Something for a Halloween weekend. Hey there Cthulhu.  A minor vice of mine is a love for old pulp science fiction and fantasy.  One of the authors I treasure is H.P. Lovecraft, best known for his cycle of horror science fiction\fantasy stories centering around the Old Ones, evil supernatural entities that lurk in dark dimensions, waiting to unleash unspeakable horror on unsuspecting humanity.  The best known of these demonic creatures is Cthulhu.  I have always found these stories gut-bustingly funny due to the fact that Lovecraft, in these stories, has to be the worst writer of fiction, at least fiction that does not contain phrases like “Love’s Savage Unending Fury”, “The Davinci Code”, “Based On A True Story”, and “Stephen King”, since Bulwer-Lytton shuffled off to the world beyond.  Some things are so spectactularly bad that I find myself liking them due to how hair-raisingly inept they are.

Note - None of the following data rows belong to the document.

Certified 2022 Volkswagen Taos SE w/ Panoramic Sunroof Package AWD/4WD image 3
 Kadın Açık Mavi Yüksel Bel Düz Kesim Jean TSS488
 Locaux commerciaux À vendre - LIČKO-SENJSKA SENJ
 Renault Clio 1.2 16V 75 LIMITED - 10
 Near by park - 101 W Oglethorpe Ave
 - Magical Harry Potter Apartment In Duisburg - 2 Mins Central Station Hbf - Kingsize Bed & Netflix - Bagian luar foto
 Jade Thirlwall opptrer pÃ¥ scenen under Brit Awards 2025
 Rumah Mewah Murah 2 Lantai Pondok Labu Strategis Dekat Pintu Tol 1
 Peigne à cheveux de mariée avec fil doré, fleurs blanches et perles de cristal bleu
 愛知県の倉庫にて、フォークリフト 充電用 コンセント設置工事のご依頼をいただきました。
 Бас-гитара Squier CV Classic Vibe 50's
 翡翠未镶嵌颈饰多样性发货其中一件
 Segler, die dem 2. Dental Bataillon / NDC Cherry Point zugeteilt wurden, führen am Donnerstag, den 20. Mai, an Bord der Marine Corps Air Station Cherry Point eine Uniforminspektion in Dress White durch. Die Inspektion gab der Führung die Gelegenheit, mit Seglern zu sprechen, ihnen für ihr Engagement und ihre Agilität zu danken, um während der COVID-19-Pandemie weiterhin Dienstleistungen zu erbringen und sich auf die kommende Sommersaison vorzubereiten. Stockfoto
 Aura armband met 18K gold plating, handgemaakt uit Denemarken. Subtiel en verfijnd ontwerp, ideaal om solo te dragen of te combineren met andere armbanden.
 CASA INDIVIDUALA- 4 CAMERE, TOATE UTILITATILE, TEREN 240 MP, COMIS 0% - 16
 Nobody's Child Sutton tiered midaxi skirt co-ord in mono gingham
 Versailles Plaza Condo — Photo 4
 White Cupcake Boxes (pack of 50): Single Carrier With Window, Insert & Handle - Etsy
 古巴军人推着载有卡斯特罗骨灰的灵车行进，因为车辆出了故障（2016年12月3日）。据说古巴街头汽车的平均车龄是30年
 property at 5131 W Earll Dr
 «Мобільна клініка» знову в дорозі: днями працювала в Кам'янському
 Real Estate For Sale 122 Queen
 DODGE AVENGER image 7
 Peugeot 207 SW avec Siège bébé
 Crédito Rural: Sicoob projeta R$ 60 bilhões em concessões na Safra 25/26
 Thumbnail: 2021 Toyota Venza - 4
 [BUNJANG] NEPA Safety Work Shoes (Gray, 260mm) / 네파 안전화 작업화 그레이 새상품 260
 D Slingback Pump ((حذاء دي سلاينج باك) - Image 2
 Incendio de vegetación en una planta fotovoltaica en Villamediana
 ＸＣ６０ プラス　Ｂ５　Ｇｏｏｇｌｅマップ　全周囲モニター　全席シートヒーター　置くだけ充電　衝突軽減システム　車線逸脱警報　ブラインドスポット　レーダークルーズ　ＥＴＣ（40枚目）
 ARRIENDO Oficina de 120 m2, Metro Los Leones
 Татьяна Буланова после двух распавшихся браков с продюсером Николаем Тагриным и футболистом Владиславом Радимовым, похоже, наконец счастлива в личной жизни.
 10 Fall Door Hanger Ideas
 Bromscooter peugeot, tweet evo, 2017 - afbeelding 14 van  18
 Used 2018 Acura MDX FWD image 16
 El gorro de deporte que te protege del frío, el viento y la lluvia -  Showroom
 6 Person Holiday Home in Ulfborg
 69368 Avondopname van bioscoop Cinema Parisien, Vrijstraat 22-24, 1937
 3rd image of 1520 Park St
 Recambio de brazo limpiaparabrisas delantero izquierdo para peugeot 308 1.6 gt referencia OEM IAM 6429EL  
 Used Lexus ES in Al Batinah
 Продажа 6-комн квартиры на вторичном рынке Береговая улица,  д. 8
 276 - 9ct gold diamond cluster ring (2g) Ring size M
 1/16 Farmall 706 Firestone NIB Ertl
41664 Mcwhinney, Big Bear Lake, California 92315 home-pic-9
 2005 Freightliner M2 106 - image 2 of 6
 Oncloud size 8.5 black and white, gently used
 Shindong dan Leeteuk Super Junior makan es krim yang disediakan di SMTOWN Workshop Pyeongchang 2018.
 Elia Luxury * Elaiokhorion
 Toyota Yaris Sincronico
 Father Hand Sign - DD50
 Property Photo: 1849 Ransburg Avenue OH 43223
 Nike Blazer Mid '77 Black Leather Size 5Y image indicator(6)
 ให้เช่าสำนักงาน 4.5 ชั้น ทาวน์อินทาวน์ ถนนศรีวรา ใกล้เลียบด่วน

Only an example will do.  Much of Lovecraft’s work can be found online.  Here is a sample from the Mountains of Madness, which is one of Lovecraft’s better efforts:

“But we were not on a station platform. We were on the track ahead as the nightmare, plastic column of fetid black iridescence oozed tightly onward through its fifteen-foot sinus, gathering unholy speed and driving before it a spiral, rethickening cloud of the pallid abyss vapor. It was a terrible, indescribable thing vaster than any subway train – a shapeless congeries of protoplasmic bubbles, faintly self-luminous, and with myriads of temporary eyes forming and un-forming as pustules of greenish light all over the tunnel-filling front that bore down upon us, crushing the frantic penguins and slithering over the glistening floor that it and its kind had swept so evilly free of all litter. Still came that eldritch, mocking cry- “Tekeli-li! Tekeli-li!” and at last we remembered that the demoniac Shoggoths – given life, thought, and plastic organ patterns solely by the Old Ones, and having no language save that which the dot groups expressed – had likewise no voice save the imitated accents of their bygone masters.”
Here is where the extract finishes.